10

I have built my app for different architectures and would like to create a "dynamic symlink" which takes me to the right version based on a variable.

If the machine I am currently logged in to, is x86, then the symlink should take me to that build.

A mocked example of what I want to do:

$ uname -i
x86_64

$ ls -ltr 
lrwxr-xr-x  1 dogbane gg     4 Feb 16 15:40 mylink -> @sys/
drwxrwxr-x  2 dogbane gg  2048 Feb 16 15:40 x86_64/
drwxrwxr-x  2 dogbane gg  2048 Feb 16 15:40 i386/

$ cd mylink

$ pwd -P
~/x86_64

Is this possible?

I know I can use cd $(uname -i), but want something simpler.

4
  • Are you familiar with OpenAFS? Because it uses @sys in exactly that way, even using '@sys'. If so, are you looking for an alternative to OpenAFS?
    – jsbillings
    Feb 16, 2011 at 16:04
  • @jsbilling I'd like to know if this is possible on a standard filesystem, without AFS. I used to work on AFS a long time ago and could do this, hence why I asked.
    – dogbane
    Feb 16, 2011 at 16:28
  • I figured as much. I know of no other filesystem that has 'magic' symlinks other than NetBSD's vfs.generic.magiclinks setting. (daemon-systems.org/man/symlink.7.html)
    – jsbillings
    Feb 16, 2011 at 17:34
  • There are such environments for e.g. Ruby and Perl, so that you can choose which version to use when you're testing things. You might find some inspiration at rvm.io/rubies .
    – Jenny D
    Apr 10, 2014 at 10:29

5 Answers 5

6

This feature is supported by DragonFly BSD, where it is called variant symlinks. See man varsym and man ln for details.

2

Symbolic links are static: the filesystem just stores a string, and accesses to the symbolic link are redirected to the file whose name (relative to the location of the symlink) is that string.
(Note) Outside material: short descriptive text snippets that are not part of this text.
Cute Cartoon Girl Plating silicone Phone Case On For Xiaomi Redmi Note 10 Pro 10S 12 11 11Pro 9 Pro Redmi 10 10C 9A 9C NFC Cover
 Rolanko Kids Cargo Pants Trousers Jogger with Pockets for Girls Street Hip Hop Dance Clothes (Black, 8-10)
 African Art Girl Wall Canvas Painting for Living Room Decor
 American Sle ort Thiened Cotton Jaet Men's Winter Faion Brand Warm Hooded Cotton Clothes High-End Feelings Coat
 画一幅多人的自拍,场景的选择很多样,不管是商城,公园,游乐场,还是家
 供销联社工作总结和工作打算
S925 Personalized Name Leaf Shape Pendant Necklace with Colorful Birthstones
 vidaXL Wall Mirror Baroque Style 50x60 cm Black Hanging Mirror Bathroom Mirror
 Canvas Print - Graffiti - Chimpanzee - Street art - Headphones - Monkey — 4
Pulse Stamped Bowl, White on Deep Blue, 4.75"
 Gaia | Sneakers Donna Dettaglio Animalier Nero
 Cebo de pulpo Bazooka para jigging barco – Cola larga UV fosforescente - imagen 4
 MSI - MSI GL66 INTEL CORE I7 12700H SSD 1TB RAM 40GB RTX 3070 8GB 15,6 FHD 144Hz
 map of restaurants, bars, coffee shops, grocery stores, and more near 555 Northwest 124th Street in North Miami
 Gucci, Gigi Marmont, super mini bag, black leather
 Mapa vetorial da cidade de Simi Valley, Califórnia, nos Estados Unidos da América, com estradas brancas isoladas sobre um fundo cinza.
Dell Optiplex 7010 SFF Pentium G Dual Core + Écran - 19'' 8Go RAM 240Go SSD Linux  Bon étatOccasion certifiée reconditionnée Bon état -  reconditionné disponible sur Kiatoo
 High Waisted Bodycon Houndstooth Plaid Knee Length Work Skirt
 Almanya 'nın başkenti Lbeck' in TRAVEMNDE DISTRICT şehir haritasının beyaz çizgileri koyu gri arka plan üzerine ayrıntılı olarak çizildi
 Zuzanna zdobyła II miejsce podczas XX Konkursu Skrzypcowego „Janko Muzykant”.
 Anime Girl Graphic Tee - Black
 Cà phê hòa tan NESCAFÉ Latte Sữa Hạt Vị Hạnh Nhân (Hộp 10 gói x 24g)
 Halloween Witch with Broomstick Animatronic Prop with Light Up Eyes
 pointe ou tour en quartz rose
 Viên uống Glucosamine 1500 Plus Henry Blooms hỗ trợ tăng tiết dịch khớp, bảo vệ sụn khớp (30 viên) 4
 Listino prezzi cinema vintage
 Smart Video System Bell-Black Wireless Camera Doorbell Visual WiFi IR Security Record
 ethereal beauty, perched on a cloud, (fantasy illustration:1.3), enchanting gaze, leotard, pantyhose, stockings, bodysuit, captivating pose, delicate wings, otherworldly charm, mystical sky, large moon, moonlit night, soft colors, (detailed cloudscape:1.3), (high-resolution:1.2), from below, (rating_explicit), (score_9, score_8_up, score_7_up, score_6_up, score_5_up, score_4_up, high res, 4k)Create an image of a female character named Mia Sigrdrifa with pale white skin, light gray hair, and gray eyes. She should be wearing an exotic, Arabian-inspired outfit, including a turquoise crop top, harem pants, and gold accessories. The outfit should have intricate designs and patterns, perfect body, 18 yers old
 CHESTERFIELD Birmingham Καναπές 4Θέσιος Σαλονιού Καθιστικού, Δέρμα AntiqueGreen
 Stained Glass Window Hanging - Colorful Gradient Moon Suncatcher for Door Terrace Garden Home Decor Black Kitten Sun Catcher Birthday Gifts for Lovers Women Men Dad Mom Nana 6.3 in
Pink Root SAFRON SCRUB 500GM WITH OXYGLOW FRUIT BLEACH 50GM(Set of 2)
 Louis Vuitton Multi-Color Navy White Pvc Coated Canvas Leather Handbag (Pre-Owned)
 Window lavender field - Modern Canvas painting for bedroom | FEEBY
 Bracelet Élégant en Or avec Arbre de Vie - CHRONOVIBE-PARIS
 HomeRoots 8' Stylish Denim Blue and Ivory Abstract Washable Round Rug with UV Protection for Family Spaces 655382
It would be simple to write a FUSE filesystem exposing such dynamic symlinks, but I don't know of an existing one.

2

I assume this is binaries, so I would do it with a PATH variable rater than symlink.

PATH=$PATH:/base/$ARCH/bin.

If you are using a tool like cfengine or puppet. A symlink to the appropriate directory can be created based on the system architecture.

1

If you just want a simpler syntax to type than:

cd $(uname -i)

You could put it in a variable like:

 s=`uname -i` 

in your login script, so you can just do

 cd $s

When you want to cd

0

symlink is essentially a file with special flag which contains some path, and this path interpreted as is, so you can not make one symlink to point to other locations in that way. But you still may write script that will run apropriate build.